Es que Belgrano, además de proponer a un “cuico”, como llamaban en forma despectiva a los pobladores originarios, sostenía que la capital de la nueva nación tenía que ser el Cuzco. Los porteños no pudieron tolerar la pérdida del centro del poder. En este sentido, con su propuesta leía la realidad: en 1816, Buenos Aires tenía apenas 60 mil habitantes, mientras que desde Córdoba hasta Lima vivían 2 millones y medio de habitantes, americanos en su mayoría indígenas.
Cuando el 9 de julio de 1816 el Congreso proclamó la Independencia, lo hizo en nombre de las “Provincias Unidas de Sud América”, no solo por las que pertenecían al “Río de la Plata”, y tanta importancia le dio a la participación de los pueblos originarios que ordenó imprimir copias del Acta en español, en quechua y en aymara.
Un año después, en 1817, la presión de los porteños dio sus frutos y el Congreso se trasladó de Tucumán a Buenos Aires. Pese a que la postura de Belgrano había sido vencida y varios de los diputados que lo acompañaron fueron reemplazados, en 1818 ese mismo Congreso oficializó la bandera nacional y le agregó el símbolo del sol inca en medio de sus franjas.
En 1822, Juan Bautista Túpac Amaru, el rey inca que no fue, estuvo en Buenos Aires. Tenía 80 años y por pedido del gobierno escribió El dilatado cautiverio bajo el gobierno español de Juan Bautista Túpac Amaru, quinto nieto del último emperador del Perú. Murió en 1827 y fue sepultado en el cementerio de la Recoleta, en una tumba sin nombre ni identificación.
En el Congreso de Tucumán se plantearon las dos concepciones de revolución en pugna. La de quienes se proponían romper los lazos coloniales con España y ser independientes para asociarse con Inglaterra, y la de quienes querían eliminar todas las formas de explotación, incluida la encomienda, los obrajes, la esclavitud y también el dominio colonial. Unos pensaban en términos económicos, los otros soñaban con modificar también la estructura social. A los primeros les bastaba con el Río de la Plata. Los segundos iban por todo el continente.

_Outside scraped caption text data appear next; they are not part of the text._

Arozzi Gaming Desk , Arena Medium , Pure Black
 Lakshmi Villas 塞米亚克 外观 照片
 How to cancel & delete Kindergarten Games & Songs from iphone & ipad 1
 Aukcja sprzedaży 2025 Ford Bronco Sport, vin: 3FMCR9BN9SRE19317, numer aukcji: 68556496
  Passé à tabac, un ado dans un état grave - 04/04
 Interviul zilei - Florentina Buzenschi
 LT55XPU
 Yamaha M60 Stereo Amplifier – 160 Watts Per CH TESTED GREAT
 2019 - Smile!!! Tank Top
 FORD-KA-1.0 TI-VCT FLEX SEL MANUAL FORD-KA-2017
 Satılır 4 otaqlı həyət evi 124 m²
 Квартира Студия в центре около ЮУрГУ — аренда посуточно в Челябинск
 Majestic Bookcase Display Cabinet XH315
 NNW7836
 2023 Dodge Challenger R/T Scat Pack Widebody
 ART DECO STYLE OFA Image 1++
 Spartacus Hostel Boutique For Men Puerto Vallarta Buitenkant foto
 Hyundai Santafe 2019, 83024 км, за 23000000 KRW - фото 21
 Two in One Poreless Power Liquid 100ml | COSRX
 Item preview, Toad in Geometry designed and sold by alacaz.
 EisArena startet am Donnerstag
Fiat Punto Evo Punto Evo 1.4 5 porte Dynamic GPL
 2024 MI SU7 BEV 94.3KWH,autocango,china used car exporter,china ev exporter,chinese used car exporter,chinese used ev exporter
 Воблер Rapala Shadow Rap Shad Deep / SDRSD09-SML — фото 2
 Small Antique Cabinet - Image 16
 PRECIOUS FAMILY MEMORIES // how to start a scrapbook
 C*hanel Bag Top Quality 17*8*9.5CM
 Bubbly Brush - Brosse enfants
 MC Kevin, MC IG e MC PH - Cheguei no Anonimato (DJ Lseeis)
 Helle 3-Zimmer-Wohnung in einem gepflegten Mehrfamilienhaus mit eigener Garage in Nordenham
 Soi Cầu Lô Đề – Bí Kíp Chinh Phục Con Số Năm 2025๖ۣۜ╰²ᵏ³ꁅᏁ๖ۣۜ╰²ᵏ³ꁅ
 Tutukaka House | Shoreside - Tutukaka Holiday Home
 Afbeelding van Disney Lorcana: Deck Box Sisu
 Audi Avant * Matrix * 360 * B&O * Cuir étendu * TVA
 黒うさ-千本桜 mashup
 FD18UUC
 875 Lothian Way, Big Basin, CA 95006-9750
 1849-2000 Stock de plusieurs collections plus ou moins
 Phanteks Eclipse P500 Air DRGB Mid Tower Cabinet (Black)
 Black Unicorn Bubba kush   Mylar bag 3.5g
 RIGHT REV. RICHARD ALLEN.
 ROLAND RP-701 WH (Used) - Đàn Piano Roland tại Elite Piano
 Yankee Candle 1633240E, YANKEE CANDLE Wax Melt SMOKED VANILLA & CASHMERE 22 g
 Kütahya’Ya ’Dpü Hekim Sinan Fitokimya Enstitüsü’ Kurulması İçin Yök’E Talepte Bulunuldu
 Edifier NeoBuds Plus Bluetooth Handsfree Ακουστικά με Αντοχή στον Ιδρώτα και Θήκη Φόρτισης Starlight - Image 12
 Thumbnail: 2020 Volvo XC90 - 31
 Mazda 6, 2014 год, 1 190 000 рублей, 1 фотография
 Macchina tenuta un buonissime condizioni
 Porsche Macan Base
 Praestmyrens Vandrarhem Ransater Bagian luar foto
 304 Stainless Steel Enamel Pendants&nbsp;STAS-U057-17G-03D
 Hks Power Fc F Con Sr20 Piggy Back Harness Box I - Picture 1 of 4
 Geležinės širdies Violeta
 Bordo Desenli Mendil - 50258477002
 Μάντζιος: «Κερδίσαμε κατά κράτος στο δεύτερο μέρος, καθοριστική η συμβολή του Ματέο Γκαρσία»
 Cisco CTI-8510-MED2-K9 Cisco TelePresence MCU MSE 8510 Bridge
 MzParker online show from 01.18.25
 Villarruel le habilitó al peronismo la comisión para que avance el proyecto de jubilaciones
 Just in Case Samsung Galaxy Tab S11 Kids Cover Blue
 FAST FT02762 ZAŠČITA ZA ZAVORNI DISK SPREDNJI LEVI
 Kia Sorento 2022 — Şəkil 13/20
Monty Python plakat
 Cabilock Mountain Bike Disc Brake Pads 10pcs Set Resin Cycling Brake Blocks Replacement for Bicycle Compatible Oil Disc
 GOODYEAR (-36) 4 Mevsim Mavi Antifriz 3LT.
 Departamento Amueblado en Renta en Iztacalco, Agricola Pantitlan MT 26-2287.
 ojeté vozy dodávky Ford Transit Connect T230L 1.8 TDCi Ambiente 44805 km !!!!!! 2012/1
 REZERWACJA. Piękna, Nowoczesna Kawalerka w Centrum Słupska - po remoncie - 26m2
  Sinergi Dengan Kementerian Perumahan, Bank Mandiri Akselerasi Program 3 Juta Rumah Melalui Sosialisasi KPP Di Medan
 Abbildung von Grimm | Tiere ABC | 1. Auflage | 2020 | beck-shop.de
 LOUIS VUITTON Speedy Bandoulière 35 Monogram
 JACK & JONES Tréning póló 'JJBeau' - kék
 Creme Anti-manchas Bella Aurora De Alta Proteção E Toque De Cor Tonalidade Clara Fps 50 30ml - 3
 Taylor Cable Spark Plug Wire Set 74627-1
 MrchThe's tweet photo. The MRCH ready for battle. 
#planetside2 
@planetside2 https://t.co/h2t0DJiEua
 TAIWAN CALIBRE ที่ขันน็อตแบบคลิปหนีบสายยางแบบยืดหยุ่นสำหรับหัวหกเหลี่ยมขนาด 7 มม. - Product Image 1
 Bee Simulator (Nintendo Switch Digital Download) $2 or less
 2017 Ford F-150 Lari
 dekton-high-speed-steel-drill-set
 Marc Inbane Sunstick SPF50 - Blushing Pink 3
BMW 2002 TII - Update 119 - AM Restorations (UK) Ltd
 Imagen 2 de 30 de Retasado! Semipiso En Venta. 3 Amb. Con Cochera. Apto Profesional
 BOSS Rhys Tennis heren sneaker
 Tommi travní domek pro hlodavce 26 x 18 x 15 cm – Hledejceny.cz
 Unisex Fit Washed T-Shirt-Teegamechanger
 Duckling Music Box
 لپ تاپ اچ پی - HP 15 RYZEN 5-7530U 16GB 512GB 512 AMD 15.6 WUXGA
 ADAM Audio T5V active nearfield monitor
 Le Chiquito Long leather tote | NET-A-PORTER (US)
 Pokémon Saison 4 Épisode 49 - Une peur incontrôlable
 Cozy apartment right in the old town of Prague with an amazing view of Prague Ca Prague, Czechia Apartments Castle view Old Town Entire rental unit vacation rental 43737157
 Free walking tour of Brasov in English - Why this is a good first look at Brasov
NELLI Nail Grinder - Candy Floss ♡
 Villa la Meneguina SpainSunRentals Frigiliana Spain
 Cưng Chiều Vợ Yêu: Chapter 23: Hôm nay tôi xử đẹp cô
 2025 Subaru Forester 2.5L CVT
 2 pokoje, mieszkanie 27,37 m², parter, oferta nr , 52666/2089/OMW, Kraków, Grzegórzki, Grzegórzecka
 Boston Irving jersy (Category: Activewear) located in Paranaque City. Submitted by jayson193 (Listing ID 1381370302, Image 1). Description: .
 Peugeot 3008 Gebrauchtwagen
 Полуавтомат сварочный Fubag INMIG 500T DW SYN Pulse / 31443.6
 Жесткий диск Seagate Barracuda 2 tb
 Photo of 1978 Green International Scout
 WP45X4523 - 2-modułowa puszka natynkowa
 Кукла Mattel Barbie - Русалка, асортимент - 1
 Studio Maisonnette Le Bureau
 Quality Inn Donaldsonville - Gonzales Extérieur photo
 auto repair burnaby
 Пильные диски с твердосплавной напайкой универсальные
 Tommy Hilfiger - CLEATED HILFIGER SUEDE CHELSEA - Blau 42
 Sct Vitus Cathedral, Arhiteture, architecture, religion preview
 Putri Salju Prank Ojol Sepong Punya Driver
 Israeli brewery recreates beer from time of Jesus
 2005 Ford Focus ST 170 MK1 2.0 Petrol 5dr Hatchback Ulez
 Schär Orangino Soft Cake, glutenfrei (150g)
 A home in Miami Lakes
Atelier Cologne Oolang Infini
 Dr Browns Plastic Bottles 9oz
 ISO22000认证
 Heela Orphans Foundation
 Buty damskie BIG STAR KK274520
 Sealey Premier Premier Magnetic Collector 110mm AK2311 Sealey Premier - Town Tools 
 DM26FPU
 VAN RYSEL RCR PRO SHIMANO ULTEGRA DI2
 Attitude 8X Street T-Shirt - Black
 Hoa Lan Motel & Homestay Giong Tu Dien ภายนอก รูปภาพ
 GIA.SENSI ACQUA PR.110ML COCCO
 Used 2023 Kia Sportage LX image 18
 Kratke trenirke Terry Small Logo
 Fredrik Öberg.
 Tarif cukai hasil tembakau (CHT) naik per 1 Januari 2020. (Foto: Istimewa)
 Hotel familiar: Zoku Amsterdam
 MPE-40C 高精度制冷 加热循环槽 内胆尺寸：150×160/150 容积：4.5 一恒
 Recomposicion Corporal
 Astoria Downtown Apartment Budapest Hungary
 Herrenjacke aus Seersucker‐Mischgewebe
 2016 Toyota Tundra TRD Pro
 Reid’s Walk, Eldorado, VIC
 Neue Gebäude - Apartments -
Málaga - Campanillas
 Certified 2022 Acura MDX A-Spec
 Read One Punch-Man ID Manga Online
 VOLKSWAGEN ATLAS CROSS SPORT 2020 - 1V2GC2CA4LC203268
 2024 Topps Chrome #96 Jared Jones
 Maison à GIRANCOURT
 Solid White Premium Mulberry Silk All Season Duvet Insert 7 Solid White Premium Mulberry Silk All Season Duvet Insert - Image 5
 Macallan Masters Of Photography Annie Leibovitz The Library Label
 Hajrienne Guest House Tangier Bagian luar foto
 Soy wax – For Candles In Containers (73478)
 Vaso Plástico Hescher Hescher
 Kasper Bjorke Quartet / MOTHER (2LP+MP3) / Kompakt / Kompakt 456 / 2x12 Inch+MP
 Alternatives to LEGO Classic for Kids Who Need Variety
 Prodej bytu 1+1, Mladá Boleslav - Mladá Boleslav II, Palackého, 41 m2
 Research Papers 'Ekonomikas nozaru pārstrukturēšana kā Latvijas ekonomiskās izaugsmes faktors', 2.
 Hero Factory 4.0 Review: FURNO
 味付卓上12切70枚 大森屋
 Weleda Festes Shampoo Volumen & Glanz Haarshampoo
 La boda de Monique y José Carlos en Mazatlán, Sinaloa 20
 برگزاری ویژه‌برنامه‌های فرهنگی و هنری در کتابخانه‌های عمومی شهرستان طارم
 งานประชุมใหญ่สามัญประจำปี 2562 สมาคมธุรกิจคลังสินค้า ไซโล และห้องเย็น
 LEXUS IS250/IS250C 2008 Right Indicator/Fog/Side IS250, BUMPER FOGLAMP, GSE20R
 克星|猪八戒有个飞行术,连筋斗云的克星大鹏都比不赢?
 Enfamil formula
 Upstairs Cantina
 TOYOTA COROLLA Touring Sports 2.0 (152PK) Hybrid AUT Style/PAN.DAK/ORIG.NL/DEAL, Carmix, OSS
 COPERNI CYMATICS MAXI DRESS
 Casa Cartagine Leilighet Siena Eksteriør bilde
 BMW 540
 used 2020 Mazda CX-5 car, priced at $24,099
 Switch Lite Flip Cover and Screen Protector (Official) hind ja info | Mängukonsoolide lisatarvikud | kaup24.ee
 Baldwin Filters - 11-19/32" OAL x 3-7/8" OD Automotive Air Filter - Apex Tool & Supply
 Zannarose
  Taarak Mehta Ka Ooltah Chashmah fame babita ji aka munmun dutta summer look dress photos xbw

Uno de los mayores opositores a Belgrano y su concepción continental fue Bernardino Rivadavia, partidario de una alianza económica con los británicos. Cuando llegó a la presidencia de la República, en 1826, ordenó que el 9 de Julio se conmemorara junto con el 25 de Mayo porque consideraba que tanto feriado perjudicaba al comercio y a la industria. Juan Manuel de Rosas lo restituyó en 1835.
Fuentes:
Galasso, Norberto. Seamos Libres… Editorial Colihue. Bs. As. 2000.
Lewin, Boleslao. La rebelión de Túpac Amaru y los orígenes de la Independencia de Hispanoamérica. SELA. Bs. As. 1967.